> Task
Reproduce the top of the data verbatim, through and including the line that contains "A Mini Tv Console".

### Records provided

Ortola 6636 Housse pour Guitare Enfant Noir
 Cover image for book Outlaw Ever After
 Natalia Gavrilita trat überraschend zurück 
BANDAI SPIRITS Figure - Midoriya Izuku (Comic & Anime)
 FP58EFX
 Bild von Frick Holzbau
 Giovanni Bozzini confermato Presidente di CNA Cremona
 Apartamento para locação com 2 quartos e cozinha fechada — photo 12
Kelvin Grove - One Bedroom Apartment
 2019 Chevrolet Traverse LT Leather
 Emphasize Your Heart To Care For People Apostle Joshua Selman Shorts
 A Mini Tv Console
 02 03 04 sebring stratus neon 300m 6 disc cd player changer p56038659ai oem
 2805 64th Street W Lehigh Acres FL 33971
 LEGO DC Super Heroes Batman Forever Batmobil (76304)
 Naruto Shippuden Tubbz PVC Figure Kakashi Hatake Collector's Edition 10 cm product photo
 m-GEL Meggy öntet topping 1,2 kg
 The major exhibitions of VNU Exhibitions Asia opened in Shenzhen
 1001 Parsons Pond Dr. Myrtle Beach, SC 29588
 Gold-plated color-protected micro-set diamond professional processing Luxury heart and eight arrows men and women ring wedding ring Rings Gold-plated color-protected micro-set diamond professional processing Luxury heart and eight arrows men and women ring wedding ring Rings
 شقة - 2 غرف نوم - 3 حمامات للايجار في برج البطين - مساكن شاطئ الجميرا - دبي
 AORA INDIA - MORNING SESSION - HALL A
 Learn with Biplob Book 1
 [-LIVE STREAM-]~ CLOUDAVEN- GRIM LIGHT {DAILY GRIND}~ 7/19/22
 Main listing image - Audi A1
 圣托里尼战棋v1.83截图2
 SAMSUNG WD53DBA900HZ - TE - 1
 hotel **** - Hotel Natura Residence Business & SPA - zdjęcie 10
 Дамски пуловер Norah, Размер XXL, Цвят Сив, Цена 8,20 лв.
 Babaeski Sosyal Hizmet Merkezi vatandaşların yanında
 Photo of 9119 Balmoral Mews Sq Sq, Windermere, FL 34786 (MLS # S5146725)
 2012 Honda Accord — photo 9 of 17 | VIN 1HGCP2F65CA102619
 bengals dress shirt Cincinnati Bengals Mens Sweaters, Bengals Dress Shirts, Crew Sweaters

######

> Exercise solution
Ortola 6636 Housse pour Guitare Enfant Noir
 Cover image for book Outlaw Ever After
 Natalia Gavrilita trat überraschend zurück 
BANDAI SPIRITS Figure - Midoriya Izuku (Comic & Anime)
 FP58EFX
 Bild von Frick Holzbau
 Giovanni Bozzini confermato Presidente di CNA Cremona
 Apartamento para locação com 2 quartos e cozinha fechada — photo 12
Kelvin Grove - One Bedroom Apartment
 2019 Chevrolet Traverse LT Leather
 Emphasize Your Heart To Care For People Apostle Joshua Selman Shorts
 A Mini Tv Console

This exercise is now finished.